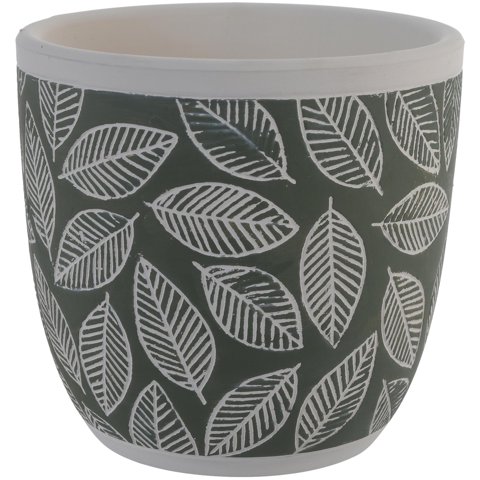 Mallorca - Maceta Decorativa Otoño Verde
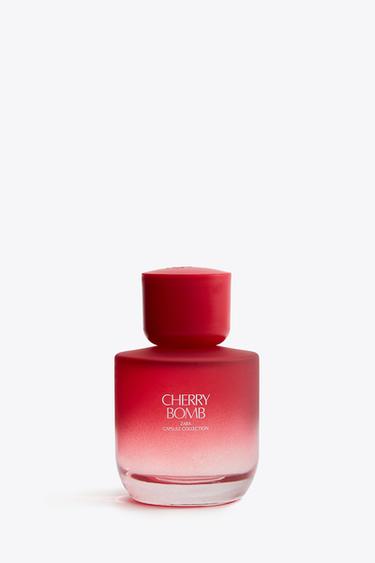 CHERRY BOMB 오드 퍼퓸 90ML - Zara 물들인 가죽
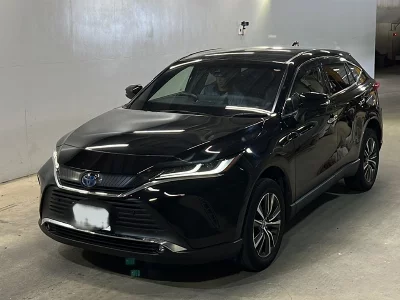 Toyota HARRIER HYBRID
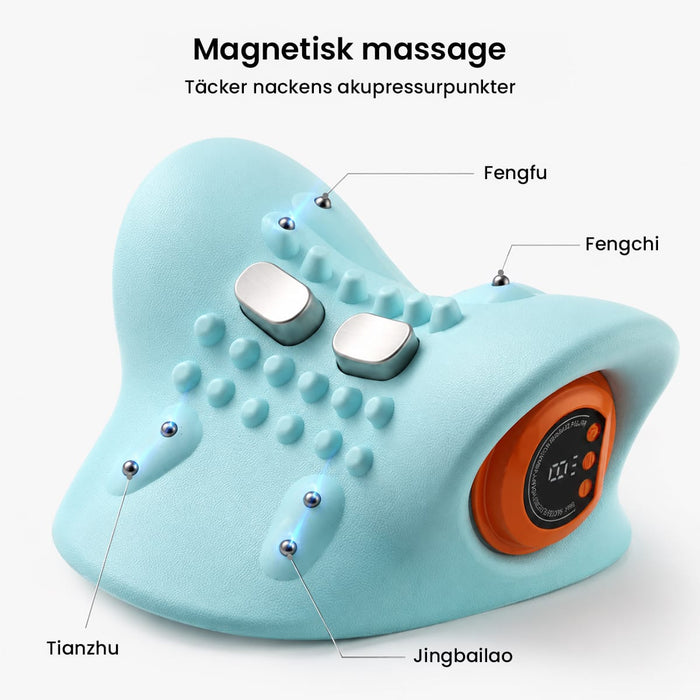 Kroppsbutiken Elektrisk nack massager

####################

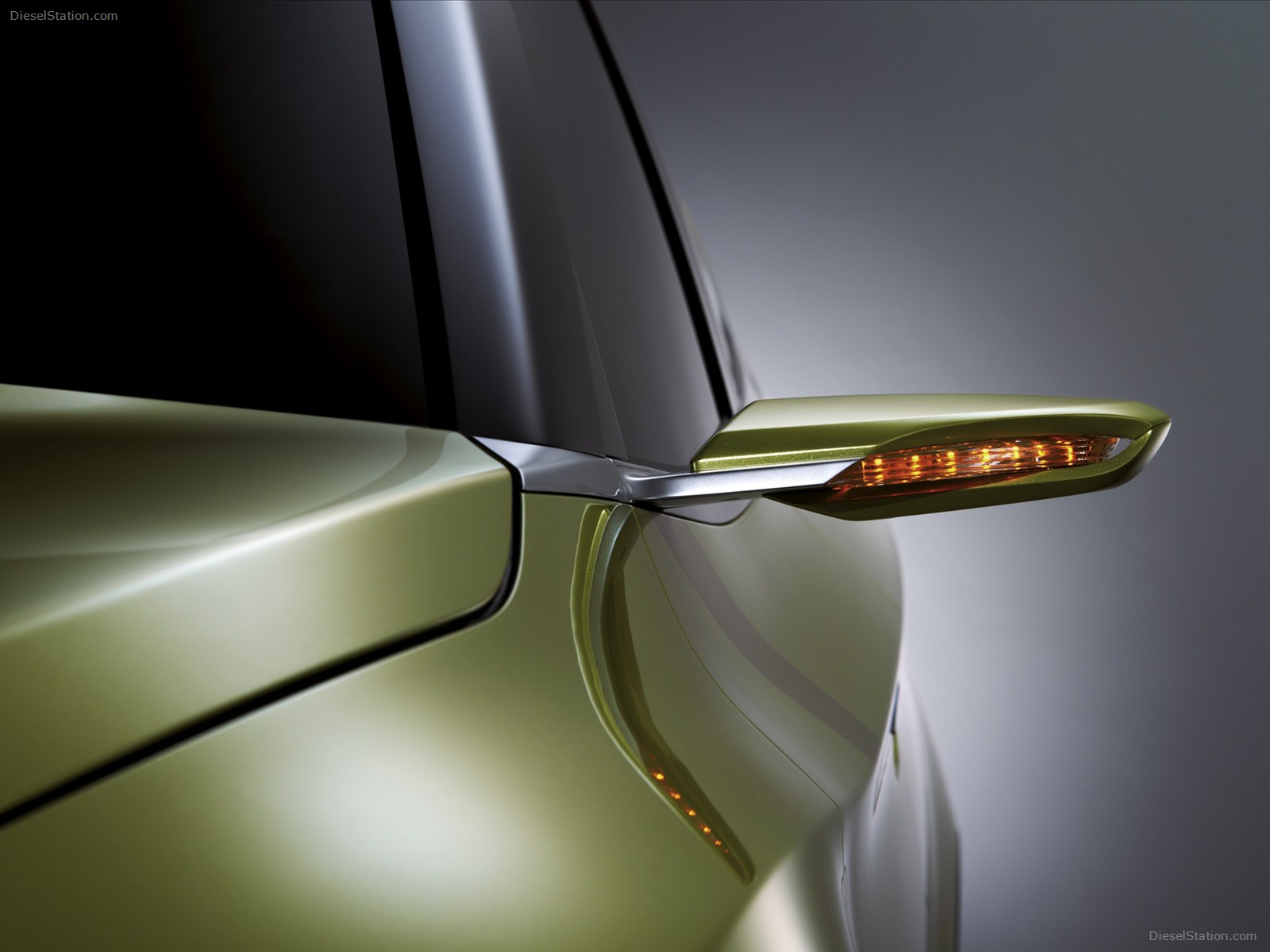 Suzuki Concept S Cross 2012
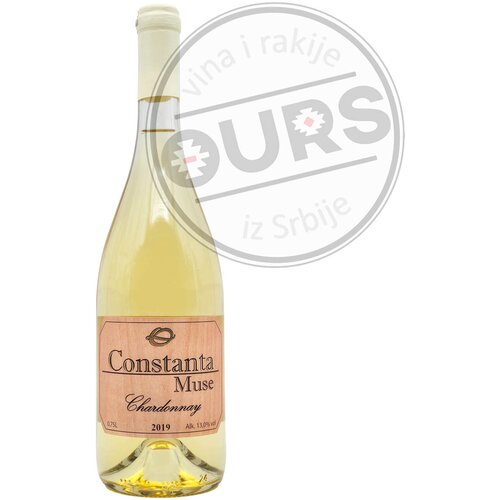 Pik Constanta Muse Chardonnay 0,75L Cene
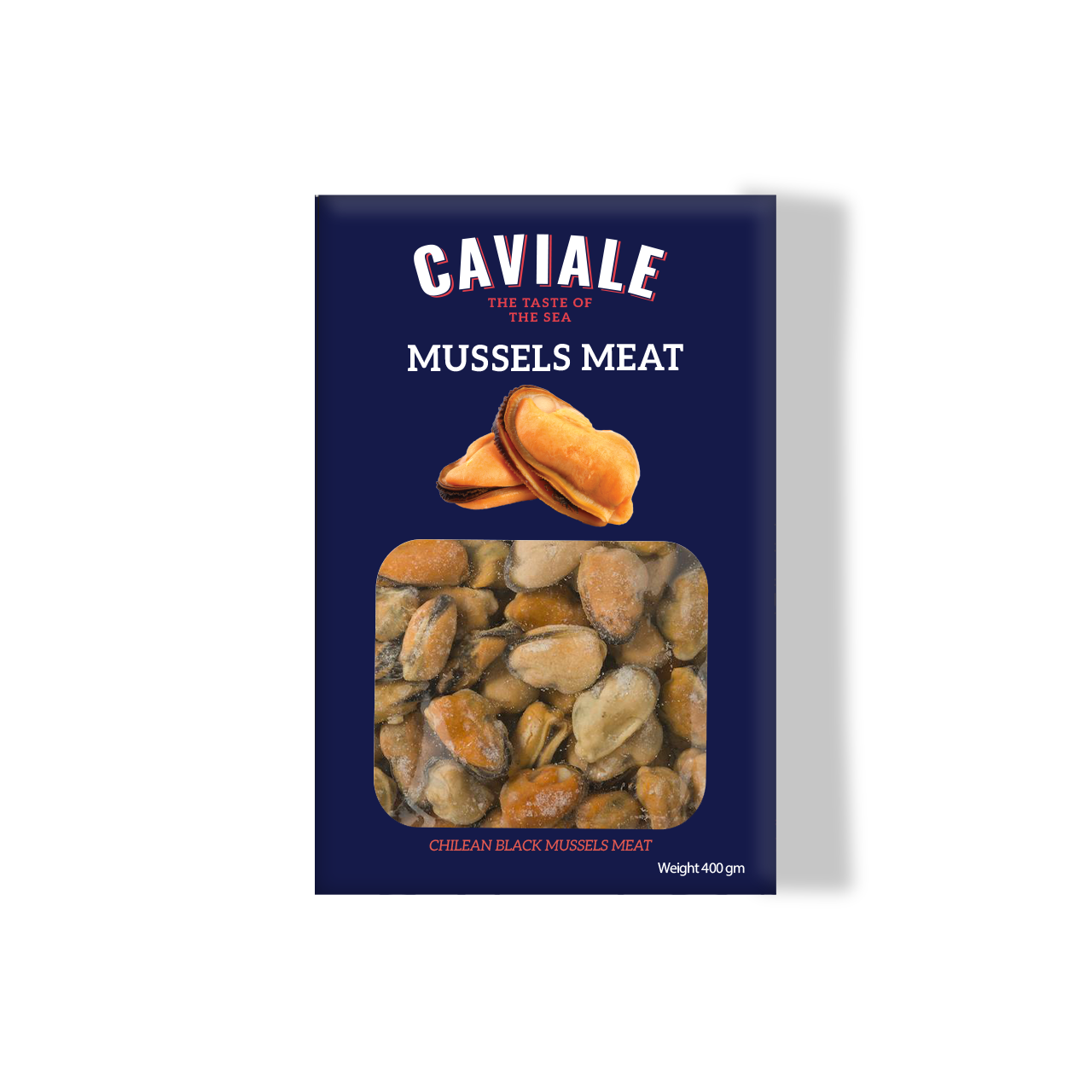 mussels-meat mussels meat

####################

What you need to do | Reproduce exactly the lines of the data above that run from the line with "Toyota HARRIER HYBRID" down to the line with "Kroppsbutiken Elektrisk nack massager", both ends included. Pictures do not belong in the copy.

Final answer |
 Toyota HARRIER HYBRID
 Kroppsbutiken Elektrisk nack massager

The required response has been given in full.